「KATE iCON BOX」(以下、iCON BOX)は、カネボウ化粧品(東京・中央)のメイクアップブランド「KATE(ケイト)」が提案する、ニューノーマル時代の新たなデジタル体験。外観は自動販売機のようだが、ユーザーの顔印象分析を行い、4色のアイカラーとメイク方法を提案する。パッケージには購入者の名入れもでき、トータルの体験価値は高い。
iCON BOXは、自動販売機のような形をした長方形のデジタル什器(じゅうき)。その場で顔印象分析ができるAI(人工知能)を搭載しており、ユーザーに似合う4色のアイカラーとメイク方法を提案する。「世界に1台」というコンセプトで、2021年9月に展開開始。期間限定で1台の什器が全国の店舗を巡回する。
デジタル体験×リアル体験
カネボウ化粧品と凸版印刷が共同開発した。什器本体の開発や化粧品のパッケージ製作は凸版印刷が担当。
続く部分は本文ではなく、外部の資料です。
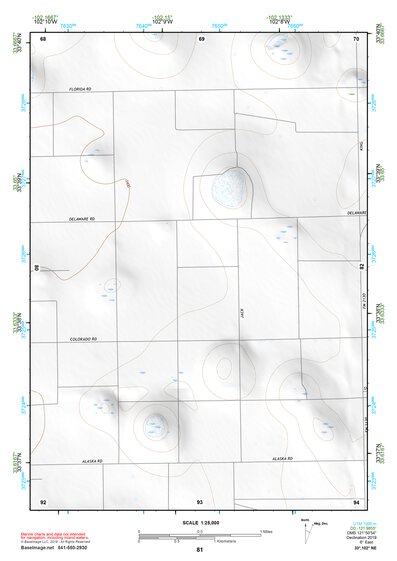 33102NE Page 81 Levelland Topo Preview 1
什器そのものの名称は「AIレコメンドベンダー」といい、内部のAIを変更することで色々なものを解析できるという。iCON BOXはAIにKATEの独自ロジックを搭載した。
KATEは、「NO MORE RULES.」(ルールに縛られず、自由に自分を表現しよう)というブランドステートメントで、枠にとらわれない自由なメイクを提案している。19年からは、「ユーザーがなりたい姿に変われる」というデジタルソリューションの提案を強化し、その一環として、21年2月にLINE公式アカウント「KATE MAKEUP LAB.」を開設。iCON BOXのAIの基盤となったセルフ型の顔印象分析ツールを先んじて公開した。
この顔印象分析ツールでは、ユーザーの自撮り画像から顔のパーツ比率を測定し、その人に似合うメイク方法や商品を提案していた。こうしたデジタルの体験型コンテンツには「気軽に遊べる」「近未来的なワクワク感がある」などの魅力があり、人気を集めた。しかしKATEでは、これらの体験が購入にうまく結び付いていない、とも感じていたという。